3. Bolton and Pompeo set the agenda and everybody dies.
Keen to use a breakdown in diplomacy as an excuse for war, Bolton and Pompeo convince Trump that toughness will work, and Trump blusters until Kim flips him the bird and returns to Pyongyang to announce a vigorous new program of nuclear testing and weapons manufacture. War ensues. Bolton and Pompeo throw a party.

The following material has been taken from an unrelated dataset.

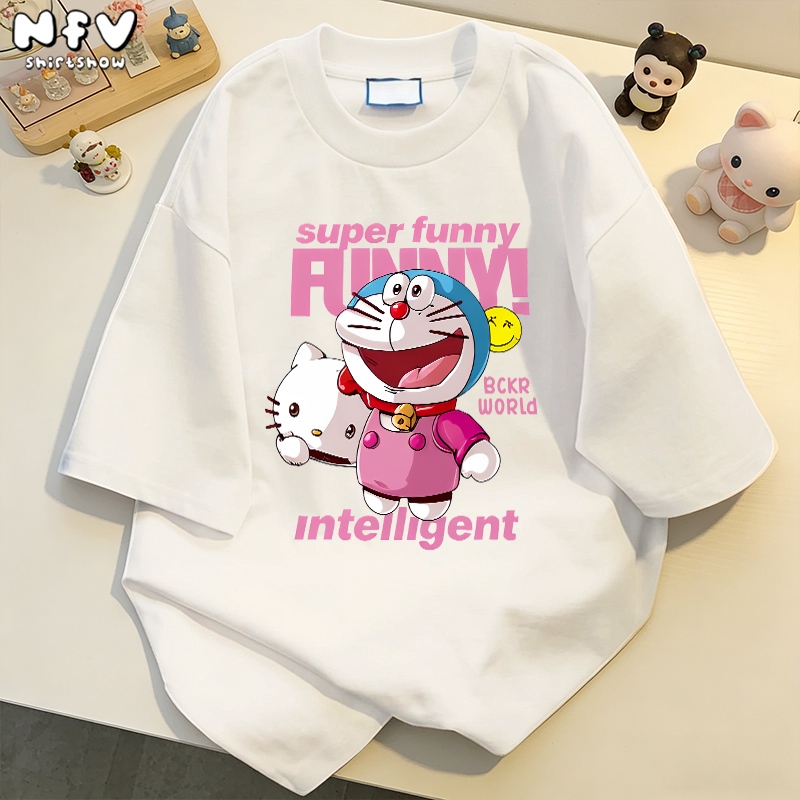 NFV ใหม่ล่าสุด💕ลายพิมพ์โดราเอมอน คอเสื้อยืดผู้หญิง ผ้าฝ้ายแท้ เนื้อผ้านุ่ม ใส่สบายไม่รัดตัว YG1325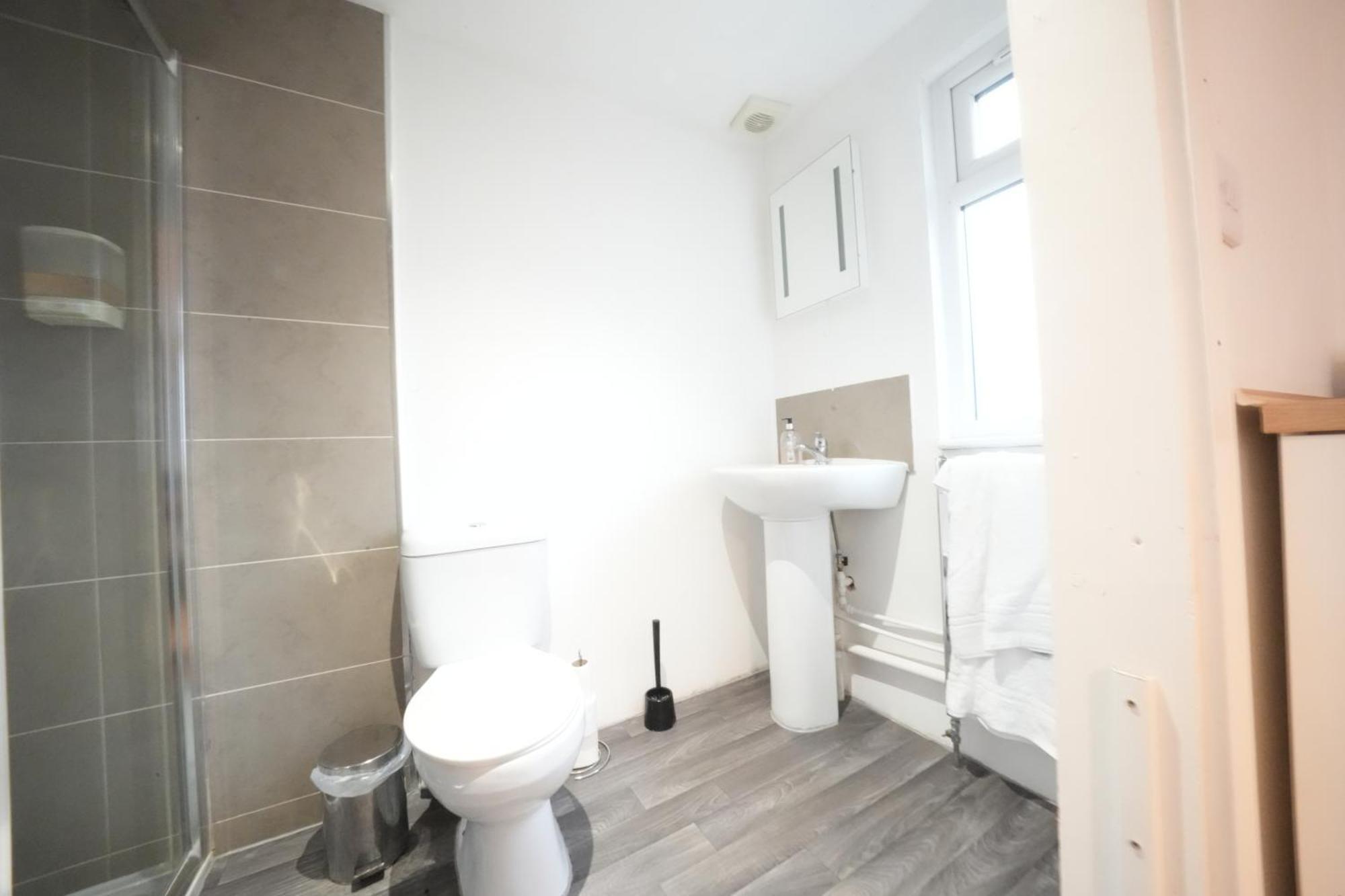 Great Airport Sleep Apartment Harmondsworth Bagian luar foto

4. As above, but not on purpose.
5. Kim plays the long game #1.
Planning to cleave America away from its Japanese and South Korean allies, Kim comes on all conciliatory and reasonable, and makes a few concessions, while Trump, goaded on by Bolton and Pompeo, keeps demanding more until talks break down and all the world blames the United States. Trump threatens war, but for various reasons to do with resistance from the Defence Department, the Joint Chiefs, and maybe Congress, doesn’t carry through. As Donald continues to froth and make empty threats, America’s Asian partners grow disgusted and pursue a separate deal (note that Kim is already laying the groundwork for an independent bargain with the South), one of the terms of which is the expulsion of American forces from South Korea. Kim gives up some weapons, but not all, and more talks between North and South are promised, while meanwhile, now that the Americans are gone, the eventual reunification of the peninsula by force or subterfuge is planned in a bunker beneath Pyongyang.
6. Kim plays the long game #2.
Knowing that Donald is easily gulled and desperate for a win, Kim makes him an offer: North Korea gives up all nuclear weapons and submits to inspections, but America must agree to leave the peninsula, and ease sanctions over time. Everybody’s happy, except Kim plans to cheat, and meanwhile, now that the Americans are gone, the eventual reunification of the peninsula by force or subterfuge is planned in a bunker beneath Pyongyang.
7. They actually strike a deal.
For some reason, Kim is happy to give up his weapons in return for a non-aggression pact and an end to sanctions, but no American withdrawl.
8. The two nut-bars get into a room together, lose their marbles in a screaming match, and actually strangle each other to death.
A guy can dream, can’t he?
I bet you can think of more!
Note that almost all of these outcomes are shitty, but some are shittier than others. What can I tell you? Eat your moldy slice and be happy.